1

I am making a currency converting script that will scrape all the text from any webpage and will find any foreign currency, convert it using an API and then replace the foreign currency with the new one. My question was, is there any way I can get the text of an element and it's lowest form eg.

<body>
 <div>
  <div>
   <h1>
     "Hello, world"
   </h1>
  </div>
 <p>
  "How are you today?"
 </p>
 </div>
<body>

How could I get the h1 and the p element but not the div? So my array would be [h1, p] (keep in mind I'm trying to do this on a much larger scale with hundreds of elements)

I_love_vegetables
  • 1,575
  • 5
  • 12
  • 26
  • Loop through all the elements. For each element, check if its `childElementCount` is `0`. Then it's a terminal node rather than a container. – Barmar Jul 27 '21 at 17:04

2 Answers2

0

What you want to do is find the (non-empty) text nodes, then return their parents. The recursive implementation of this is:

function parentTagsOfText (elem, parentList) {
  if (elem.nodeType == 4) { // text
    parentList.push(elem.parentNode);
    return;
  }
  if (elem.childNodes) {
    for (let i = 0; i < elem.childNodes.length; i++) {
      parentTagsOfText(elem.childNodes[i], parentList);
    }
  }
}
ControlAltDel
  • 33,923
  • 10
  • 53
  • 80
0

Based on this answer, with the following function, you get all the text elements under a passed element.

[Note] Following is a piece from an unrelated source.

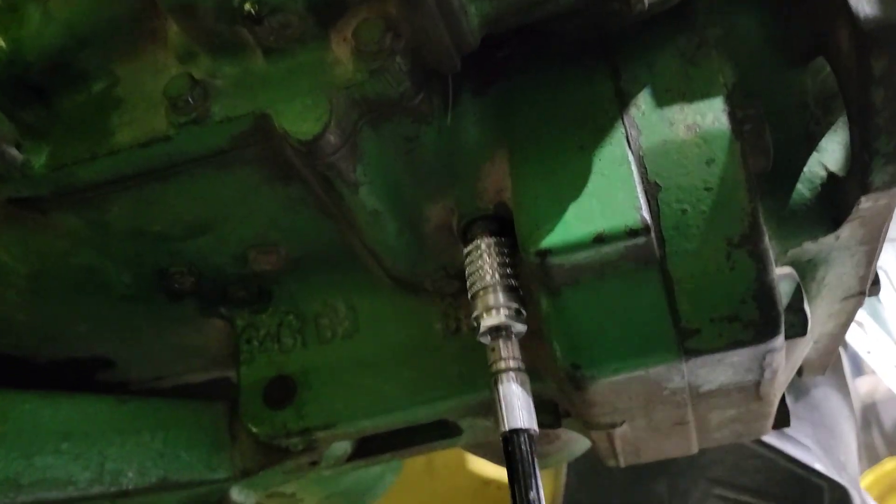In diagnosing these power shift transmissions you record the oddities. Eighth gear - when we put the lever in eighth gear it drives like a fifth gear. I went back to fifth gear and yeah, it feels the same speed. In fifth gear I slapped the lever to eighth gear and nothing changed. So eighth gear thinks it's in fifth gear.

function textNodesUnder(node){
  var all = [];
  for (node=node.firstChild;node;node=node.nextSibling){
    if (node.nodeType==3) all.push(node);
    else all = all.concat(textNodesUnder(node));
  }
  return all;
}

Then filter out the empty ones and get their parents.

textNodesParents = textNodesUnder(document.body).filter(x =>
    x.nodeValue.trim() != '').map(x => x.parentNode);
Kerap
  • 30
  • 1
  • 4